> WORK ITEM: Every record should be copied exactly, and the images omitted.

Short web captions
■ ■ ■ ■

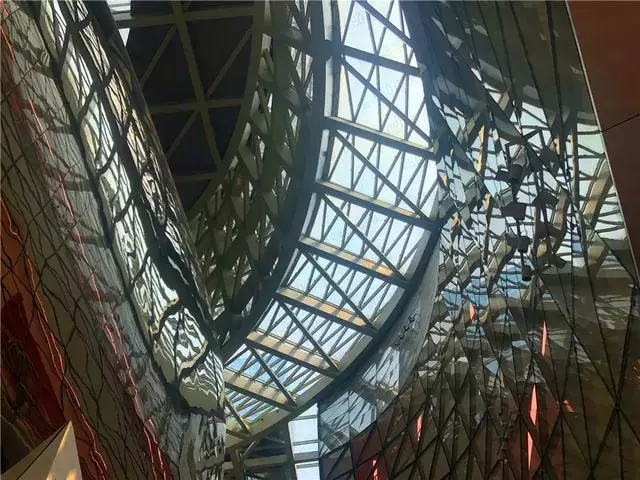 一個人高度自律的三個狀態!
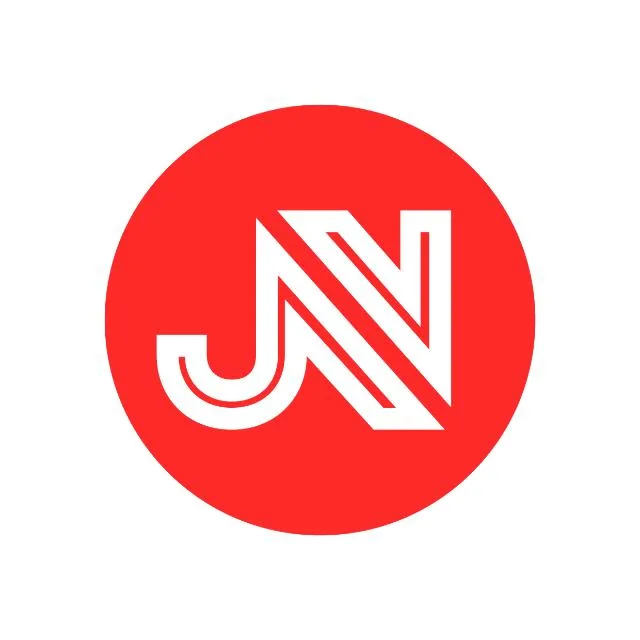Journal News Network banner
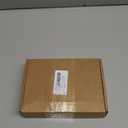 920915 Furnace Control Board 920-915 Direct Replacement for Nordyne 624742 904840 624844 G7 M7 Series Circuit Board Inter-Therm Mill-er Ta-ppan Frigi-Daire Gib-Son Single-Stage Gas Furnace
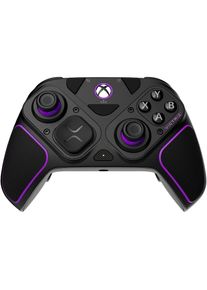 PDP - Performance Designed Products Gaming-Controller &raquo;Victrix Pro Hybrid&laquo;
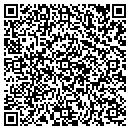 QR code with Gardner John S contacts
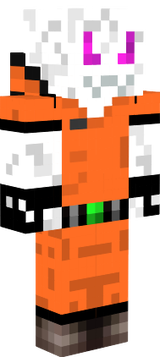 kons
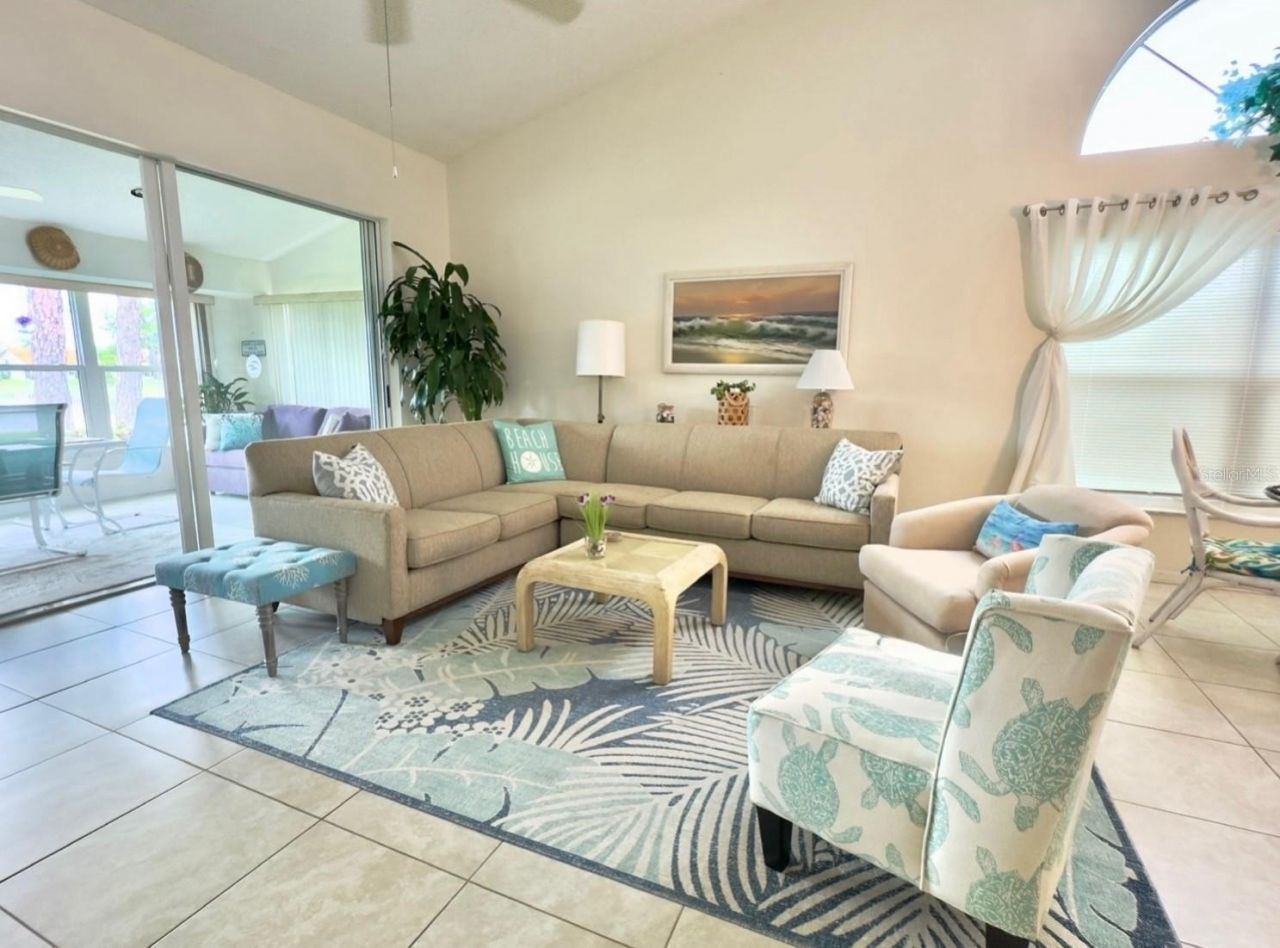 4925 Pepperwood Place, Venice, FL 34293 Photo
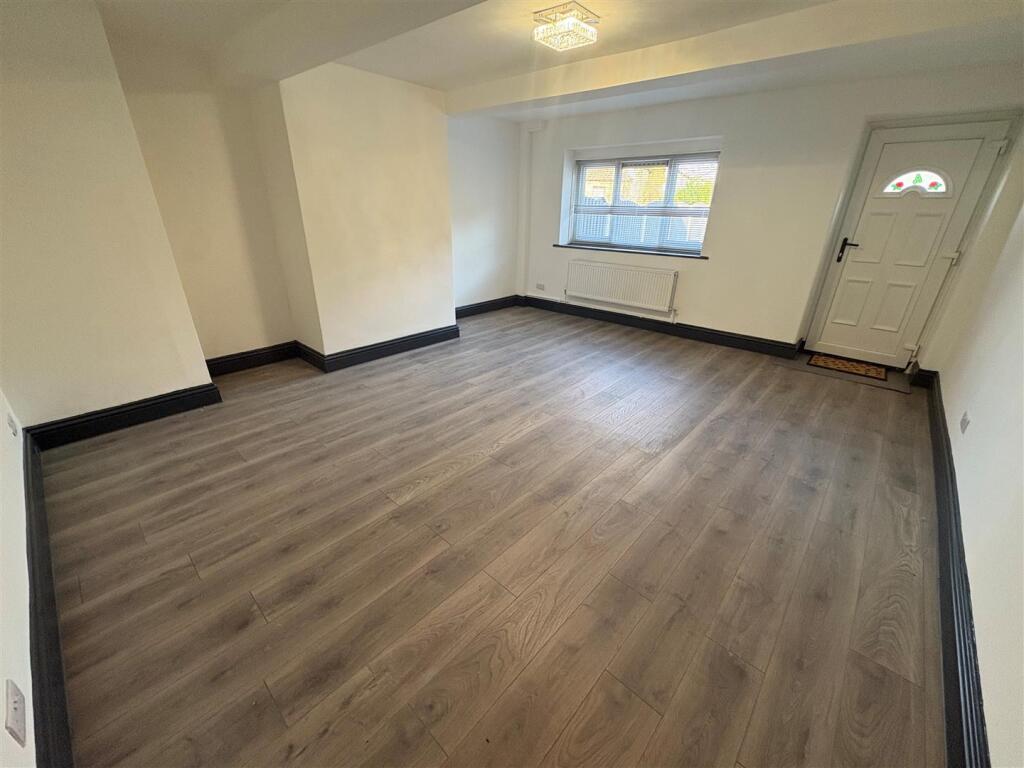 Additional image 6 of Holly Hall Lane, Wyke, Bradford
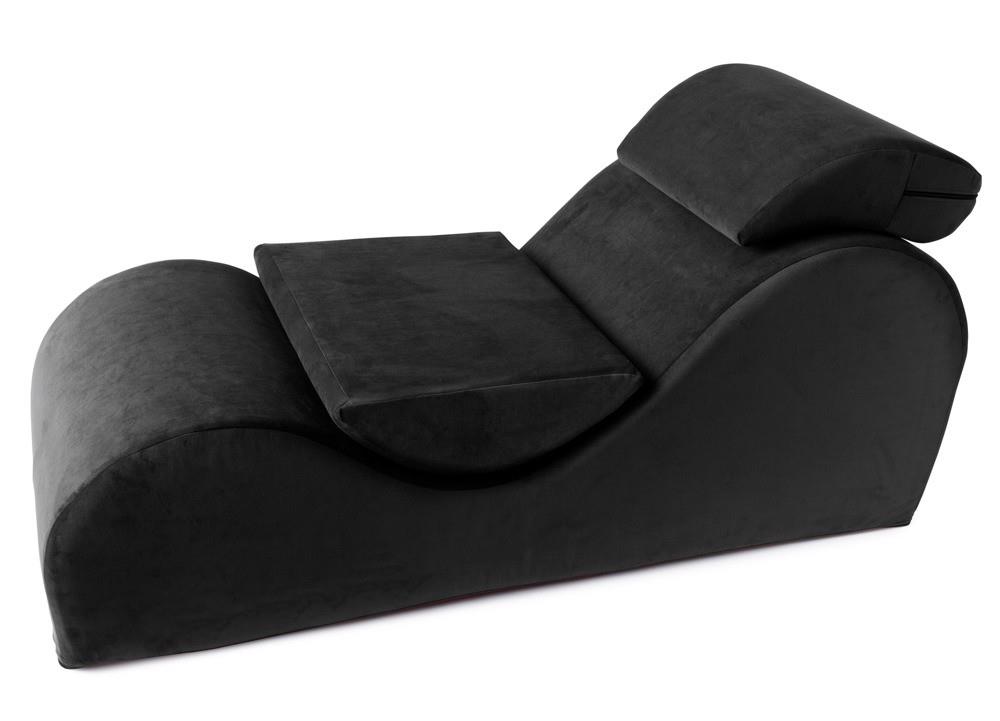 Esse Lounger - obrazek 8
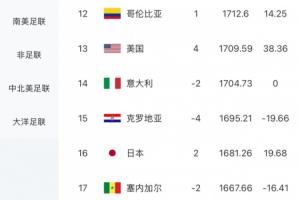 2026小九_在线直播_免费高清观看_进球集锦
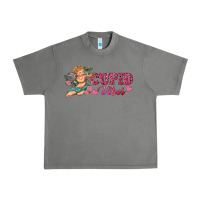 Tornado cupid vibes Urban Heavy Tee - RanaPortraitStore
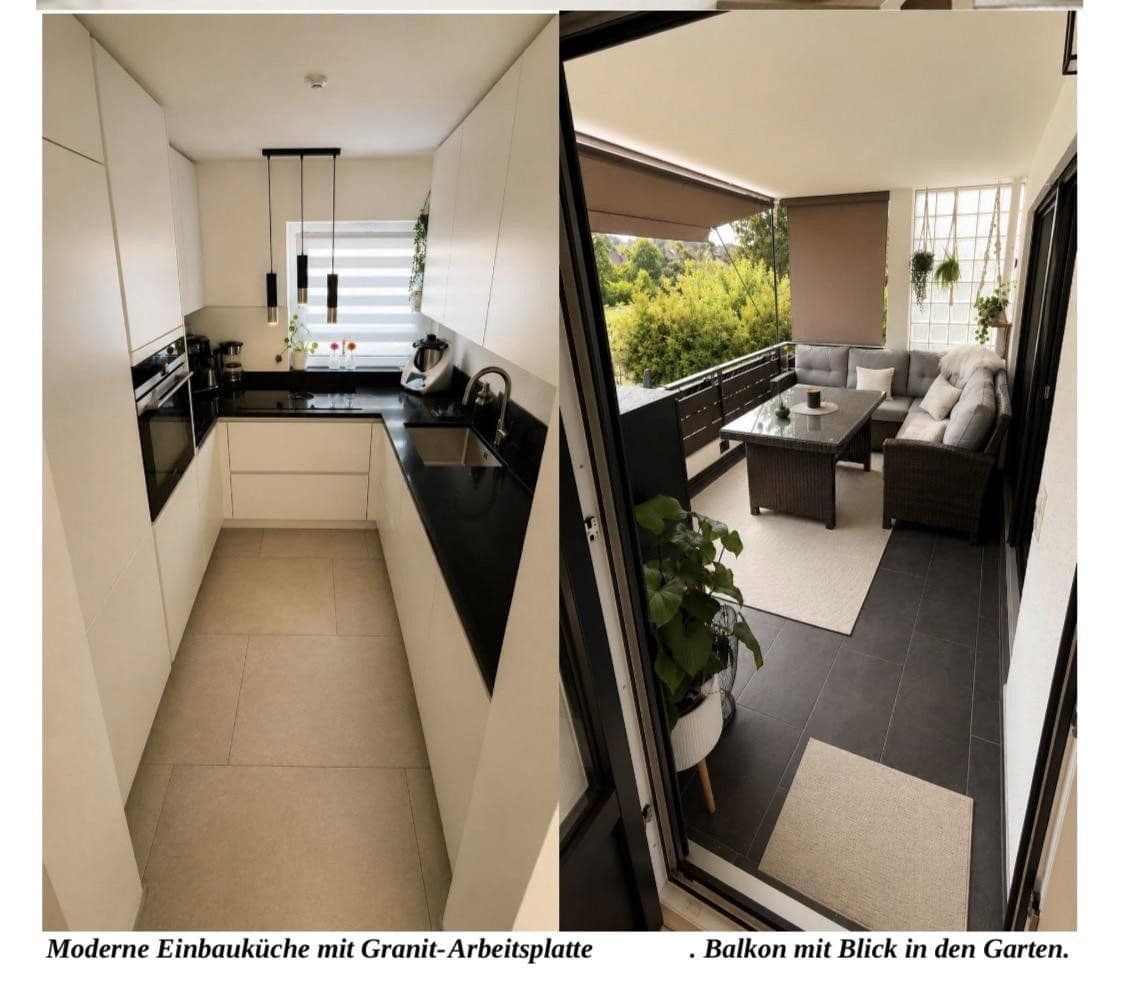 Prodej domu 125 m², pozemek 349 m², Ostfildern, Bádensko-Württembersko Prodej domu 125 m², pozemek 349 m², Ostfildern, Bádensko-Württembersko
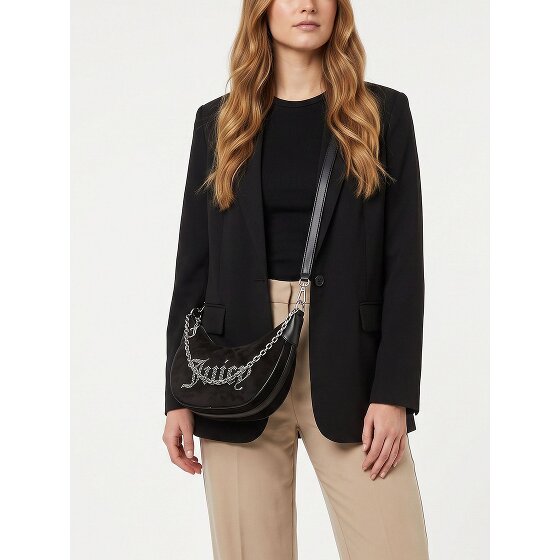 Juicy Couture Kimberly Shoulder bag 26 cm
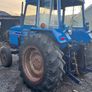 Tractor Image 3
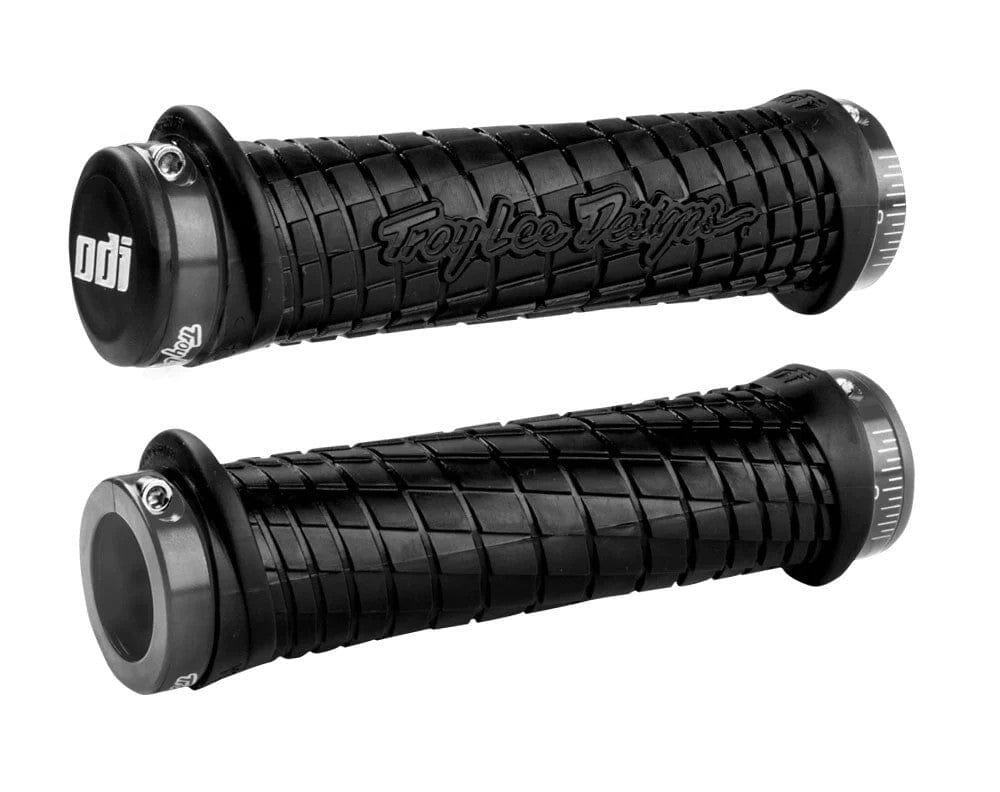ODI TLD Signature Series Lock-On MTB Grips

■ ■ ■ ■

> RESPONSE TO THIS TASK:
 一個人高度自律的三個狀態!
Journal News Network banner
 920915 Furnace Control Board 920-915 Direct Replacement for Nordyne 624742 904840 624844 G7 M7 Series Circuit Board Inter-Therm Mill-er Ta-ppan Frigi-Daire Gib-Son Single-Stage Gas Furnace
 PDP - Performance Designed Products Gaming-Controller &raquo;Victrix Pro Hybrid&laquo;
 QR code with Gardner John S contacts
 kons
 4925 Pepperwood Place, Venice, FL 34293 Photo
 Additional image 6 of Holly Hall Lane, Wyke, Bradford
 Esse Lounger - obrazek 8
 2026小九_在线直播_免费高清观看_进球集锦
 Tornado cupid vibes Urban Heavy Tee - RanaPortraitStore
 Prodej domu 125 m², pozemek 349 m², Ostfildern, Bádensko-Württembersko Prodej domu 125 m², pozemek 349 m², Ostfildern, Bádensko-Württembersko
 Juicy Couture Kimberly Shoulder bag 26 cm
 Tractor Image 3
ODI TLD Signature Series Lock-On MTB Grips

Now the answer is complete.